Successful managers across functional areas and in general management positions need to be able to understand and use business analytics in order to manage and lead effectively and improve their decision making. Business analytics consists of using data to examine past trends and events, to predict future developments in the industry and related markets, and to explore what the company should do to take advantage of opportunities and address challenges proactively.
This field comprises data collection and processing, as well as analytical techniques, including statistics, data mining, predictive modeling, and forecasting. Business analytics is to some extent present in all business courses, since specific fields such as marketing and finance use data and teach how to create data to inform decision making. In this concentration, students will learn more advanced skills and techniques, as a foundation for developing careers in analytics and pursuing further study in a graduate program in this emerging field.

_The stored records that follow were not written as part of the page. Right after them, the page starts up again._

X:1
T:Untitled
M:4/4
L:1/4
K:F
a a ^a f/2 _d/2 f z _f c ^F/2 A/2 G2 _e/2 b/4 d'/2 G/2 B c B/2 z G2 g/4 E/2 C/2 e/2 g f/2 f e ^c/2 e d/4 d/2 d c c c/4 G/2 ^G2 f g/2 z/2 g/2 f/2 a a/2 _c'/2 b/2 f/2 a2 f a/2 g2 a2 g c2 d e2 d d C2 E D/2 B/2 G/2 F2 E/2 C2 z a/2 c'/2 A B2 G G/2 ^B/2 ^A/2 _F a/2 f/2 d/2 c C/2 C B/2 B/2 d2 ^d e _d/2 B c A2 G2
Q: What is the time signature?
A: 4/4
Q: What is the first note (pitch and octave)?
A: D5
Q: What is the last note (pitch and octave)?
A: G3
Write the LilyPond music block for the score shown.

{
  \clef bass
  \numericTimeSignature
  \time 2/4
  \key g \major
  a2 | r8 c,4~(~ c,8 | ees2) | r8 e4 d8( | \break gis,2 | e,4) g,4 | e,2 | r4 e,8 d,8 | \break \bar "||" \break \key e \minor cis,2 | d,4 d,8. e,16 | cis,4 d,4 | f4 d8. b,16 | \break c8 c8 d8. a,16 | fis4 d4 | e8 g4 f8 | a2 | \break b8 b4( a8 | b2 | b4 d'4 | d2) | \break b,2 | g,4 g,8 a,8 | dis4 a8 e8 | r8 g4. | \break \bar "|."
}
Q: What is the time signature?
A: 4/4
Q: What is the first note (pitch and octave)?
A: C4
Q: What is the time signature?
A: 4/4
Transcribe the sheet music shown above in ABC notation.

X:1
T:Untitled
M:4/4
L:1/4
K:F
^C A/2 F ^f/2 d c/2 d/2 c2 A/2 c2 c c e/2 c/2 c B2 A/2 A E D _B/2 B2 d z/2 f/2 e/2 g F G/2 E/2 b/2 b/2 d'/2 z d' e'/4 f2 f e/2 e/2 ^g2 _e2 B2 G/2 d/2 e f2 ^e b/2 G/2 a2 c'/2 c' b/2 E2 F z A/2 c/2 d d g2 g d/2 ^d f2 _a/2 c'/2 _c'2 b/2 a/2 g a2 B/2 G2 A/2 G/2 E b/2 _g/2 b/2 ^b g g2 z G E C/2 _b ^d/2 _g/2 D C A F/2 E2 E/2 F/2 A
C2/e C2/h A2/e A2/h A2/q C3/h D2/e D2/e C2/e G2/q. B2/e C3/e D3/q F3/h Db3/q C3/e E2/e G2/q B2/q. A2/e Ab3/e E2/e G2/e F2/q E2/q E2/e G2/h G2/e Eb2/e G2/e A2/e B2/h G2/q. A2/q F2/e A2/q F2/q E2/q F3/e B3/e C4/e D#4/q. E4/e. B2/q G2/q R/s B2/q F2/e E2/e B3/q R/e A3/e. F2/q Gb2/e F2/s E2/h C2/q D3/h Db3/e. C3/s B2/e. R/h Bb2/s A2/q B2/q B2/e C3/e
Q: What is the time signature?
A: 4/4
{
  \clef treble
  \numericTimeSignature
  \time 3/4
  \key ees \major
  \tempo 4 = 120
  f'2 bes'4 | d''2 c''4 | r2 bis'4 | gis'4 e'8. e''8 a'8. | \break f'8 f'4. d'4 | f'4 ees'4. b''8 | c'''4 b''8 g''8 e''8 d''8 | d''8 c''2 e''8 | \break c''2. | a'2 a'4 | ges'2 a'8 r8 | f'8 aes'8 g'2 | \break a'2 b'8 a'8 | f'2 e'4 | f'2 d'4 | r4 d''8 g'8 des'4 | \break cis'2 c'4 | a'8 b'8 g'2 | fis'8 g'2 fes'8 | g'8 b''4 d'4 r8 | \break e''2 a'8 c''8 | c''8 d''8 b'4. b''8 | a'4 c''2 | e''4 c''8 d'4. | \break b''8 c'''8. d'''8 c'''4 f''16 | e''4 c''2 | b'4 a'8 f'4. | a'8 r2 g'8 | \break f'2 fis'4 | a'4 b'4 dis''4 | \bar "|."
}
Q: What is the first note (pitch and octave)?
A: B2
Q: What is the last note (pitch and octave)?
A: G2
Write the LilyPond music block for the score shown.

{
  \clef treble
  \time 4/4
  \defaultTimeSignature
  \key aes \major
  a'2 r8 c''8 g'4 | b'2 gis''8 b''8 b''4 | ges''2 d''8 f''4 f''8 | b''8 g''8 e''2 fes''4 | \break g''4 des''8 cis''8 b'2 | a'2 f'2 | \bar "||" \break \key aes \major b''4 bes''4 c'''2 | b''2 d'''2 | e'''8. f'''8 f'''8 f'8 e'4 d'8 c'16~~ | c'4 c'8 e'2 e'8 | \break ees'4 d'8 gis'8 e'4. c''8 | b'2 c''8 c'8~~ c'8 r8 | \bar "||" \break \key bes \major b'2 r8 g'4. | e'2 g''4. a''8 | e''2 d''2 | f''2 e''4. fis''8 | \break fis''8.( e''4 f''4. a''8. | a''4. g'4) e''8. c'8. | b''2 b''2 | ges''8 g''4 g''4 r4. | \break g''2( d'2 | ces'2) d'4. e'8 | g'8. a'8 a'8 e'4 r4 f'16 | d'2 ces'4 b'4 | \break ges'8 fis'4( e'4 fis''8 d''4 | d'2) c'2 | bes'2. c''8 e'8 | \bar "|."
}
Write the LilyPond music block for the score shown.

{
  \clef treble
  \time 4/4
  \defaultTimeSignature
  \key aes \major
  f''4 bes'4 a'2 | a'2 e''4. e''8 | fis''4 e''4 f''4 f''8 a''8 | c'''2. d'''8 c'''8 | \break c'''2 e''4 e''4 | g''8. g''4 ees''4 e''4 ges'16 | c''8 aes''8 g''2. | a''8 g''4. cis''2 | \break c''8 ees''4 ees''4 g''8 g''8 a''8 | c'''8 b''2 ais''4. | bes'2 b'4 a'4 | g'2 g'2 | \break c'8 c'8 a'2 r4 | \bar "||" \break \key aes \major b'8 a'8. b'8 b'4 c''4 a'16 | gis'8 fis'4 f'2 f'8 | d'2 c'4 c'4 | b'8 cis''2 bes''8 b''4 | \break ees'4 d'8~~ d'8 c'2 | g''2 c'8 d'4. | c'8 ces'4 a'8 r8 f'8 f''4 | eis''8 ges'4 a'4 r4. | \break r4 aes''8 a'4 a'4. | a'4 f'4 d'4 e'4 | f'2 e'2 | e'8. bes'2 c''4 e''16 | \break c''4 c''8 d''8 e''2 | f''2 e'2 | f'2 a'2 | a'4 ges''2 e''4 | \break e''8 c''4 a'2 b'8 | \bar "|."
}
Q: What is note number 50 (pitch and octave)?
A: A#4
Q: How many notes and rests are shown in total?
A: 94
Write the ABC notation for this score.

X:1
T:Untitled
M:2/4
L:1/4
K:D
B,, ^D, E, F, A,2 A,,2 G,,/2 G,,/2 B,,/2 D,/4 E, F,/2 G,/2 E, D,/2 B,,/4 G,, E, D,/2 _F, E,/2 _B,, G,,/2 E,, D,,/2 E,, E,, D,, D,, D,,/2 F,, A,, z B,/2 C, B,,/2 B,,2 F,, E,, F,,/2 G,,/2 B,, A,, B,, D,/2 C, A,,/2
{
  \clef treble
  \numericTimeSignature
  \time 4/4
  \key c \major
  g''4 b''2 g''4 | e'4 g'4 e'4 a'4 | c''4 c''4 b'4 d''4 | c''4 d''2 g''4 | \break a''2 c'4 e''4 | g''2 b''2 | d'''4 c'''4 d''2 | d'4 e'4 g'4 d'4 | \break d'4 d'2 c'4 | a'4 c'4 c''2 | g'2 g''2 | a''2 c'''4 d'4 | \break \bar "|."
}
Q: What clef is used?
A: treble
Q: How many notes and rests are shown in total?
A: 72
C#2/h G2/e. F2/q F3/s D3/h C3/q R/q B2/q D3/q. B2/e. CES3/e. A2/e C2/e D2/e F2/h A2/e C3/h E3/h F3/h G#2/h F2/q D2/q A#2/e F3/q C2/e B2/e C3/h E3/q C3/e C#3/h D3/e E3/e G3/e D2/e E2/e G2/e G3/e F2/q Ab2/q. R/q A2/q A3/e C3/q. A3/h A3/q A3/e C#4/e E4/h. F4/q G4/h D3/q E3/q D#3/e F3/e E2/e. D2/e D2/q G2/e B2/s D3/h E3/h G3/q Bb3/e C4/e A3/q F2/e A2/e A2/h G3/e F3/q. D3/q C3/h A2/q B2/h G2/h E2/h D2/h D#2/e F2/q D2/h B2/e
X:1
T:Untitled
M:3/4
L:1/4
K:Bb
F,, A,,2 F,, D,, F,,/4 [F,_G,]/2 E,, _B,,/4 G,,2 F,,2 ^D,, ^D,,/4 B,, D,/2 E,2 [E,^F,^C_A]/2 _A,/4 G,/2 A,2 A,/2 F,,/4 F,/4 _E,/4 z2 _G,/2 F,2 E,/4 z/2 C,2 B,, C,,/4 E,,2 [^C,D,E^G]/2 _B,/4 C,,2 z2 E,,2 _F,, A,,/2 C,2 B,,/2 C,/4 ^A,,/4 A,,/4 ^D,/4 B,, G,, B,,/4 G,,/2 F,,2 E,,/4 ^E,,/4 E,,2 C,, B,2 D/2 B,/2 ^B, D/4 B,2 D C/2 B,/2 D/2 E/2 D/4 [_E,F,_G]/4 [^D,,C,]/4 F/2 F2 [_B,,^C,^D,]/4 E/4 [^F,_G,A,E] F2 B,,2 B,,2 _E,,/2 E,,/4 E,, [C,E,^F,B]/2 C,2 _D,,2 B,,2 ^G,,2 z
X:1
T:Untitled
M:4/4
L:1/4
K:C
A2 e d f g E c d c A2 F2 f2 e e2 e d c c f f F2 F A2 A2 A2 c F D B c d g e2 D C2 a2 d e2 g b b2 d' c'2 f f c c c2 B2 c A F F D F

While business analytics relies heavily on “big data” and information systems, there is a compelling need in the business world, government, and nonprofit organizations for skilled people with the ability to understand data, think from the business and management points of view, and provide insights that will make a positive difference. As more information is produced than ever before, and more quickly, the need for managers that fit this profile is increasingly rapidly.
- Develop a broad understanding of theories and concepts in business analytics
- Understand quantitative techniques for data analysis, predictive modeling, and data visualization to projects in diverse industries
- Apply analytical skills to address business problems across disciplines and industries
- Use regression analysis and univariate and multivariate research methods on big data
- Build key leadership competencies in presentation, persuasion, and negotiation.
Companies are collecting data faster and in greater volumes than ever before. Managers and executives are increasingly expected to provide measurable insights into business performance that can, in turn, be used to make smarter decisions. As a result, the need for data analysts has never been higher and forecasts in the labor market show this need will continue to rise over the next decade.
The Harvard Business Review calls the position of business analyst or data scientist the “sexiest job of the 21st century.” Business-analyst jobs are predicted to increase by 22 percent by 2020, according to the U.S. Bureau of Labor Statistics. According to a recent McKinsey & Company “big data” report, by 2018, the United States alone could face a shortage of 140,000 to 190,000 professionals with deep analytical skills, as well as 1.5 million managers with the knowledge and skills to use the analysis of big data to make effective decisions.
Example of business analytics jobs include: Strategy Consultant, Business Intelligence Analyst, Advanced Analytics and Optimization Consultants, Sales Analyst, among others.